The importance of building and maintaining safe, resilient tailings dams has become increasingly apparent with the rise in catastrophic failures in recent years. According to the World Mine Tailings Failures (WMTF) data base, 11 major failures have occurred over the past decade, often with devastating impacts to nearby communities in terms of loss of life and impact to the environment. With the occurrence of these types of events only expected to increase in coming years, there has been a corresponding increase in global calls to action to develop monitoring systems to better predict and wherever possible, prevent these failures from occurring.

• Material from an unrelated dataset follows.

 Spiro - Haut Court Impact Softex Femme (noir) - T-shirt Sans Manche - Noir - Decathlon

With up to an estimated 20,000 tailings dams around the world, the development and implementation of a worldwide monitoring protocol is a daunting task, particularly as many of these structures are remote and difficult to access. This is where a technology like InSAR can make an immediate impact. InSAR is a remote sensing technique that uses radar satellite imagery to measure ground movement with up to millimetric precision. Radar systems are active, meaning they collect information from reflections of the radar signal off the ground and therefore do not require the installation of any equipment. As satellite images cover areas that extend thousands of square kilometres, they can provide information not only on the stability of dams, but also entire regions. Global archives already exist due to the Sentinel constellation of satellites, which provide coverage since 2014 over most parts of the world.

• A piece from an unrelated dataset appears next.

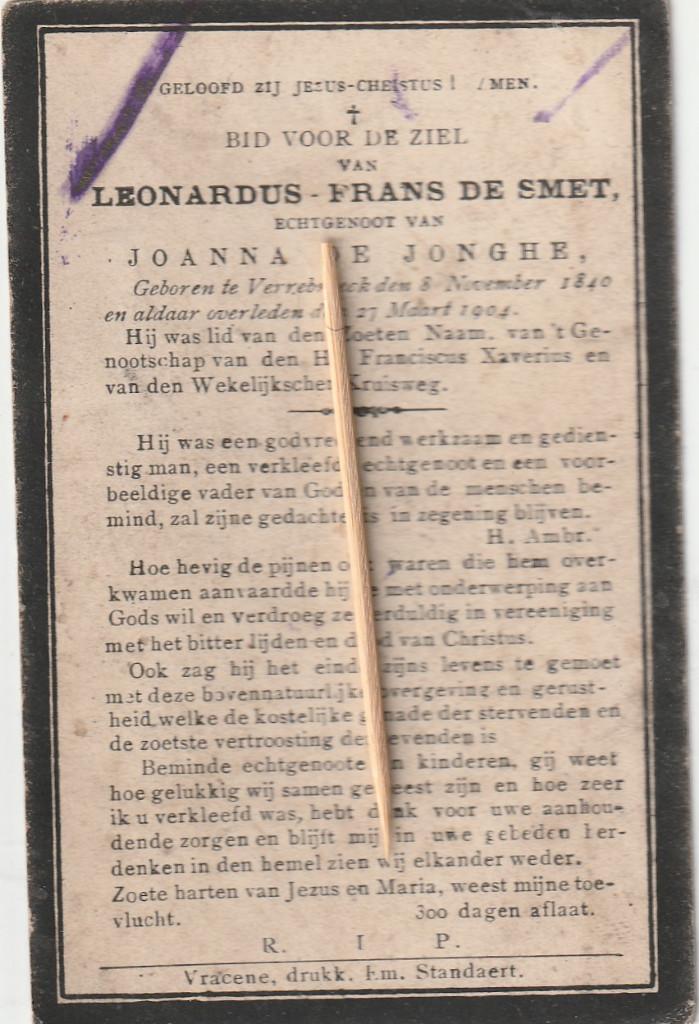 carte de prière Verrebroek-De Smet, Envoi, Image pieuse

In an ideal world, tailings dams are safe and constructed to provide permanent containment of mining by- products. However, experience has shown that they can fail, often with dire consequences, especially if these failures occur without warning. The development of an internationally accepted standard for tailings dam monitoring is imperative to ensure the safety and resiliency of these structures is continuously tracked. This paper explores the role InSAR can play in the development of a global protocol for tailings dam monitoring.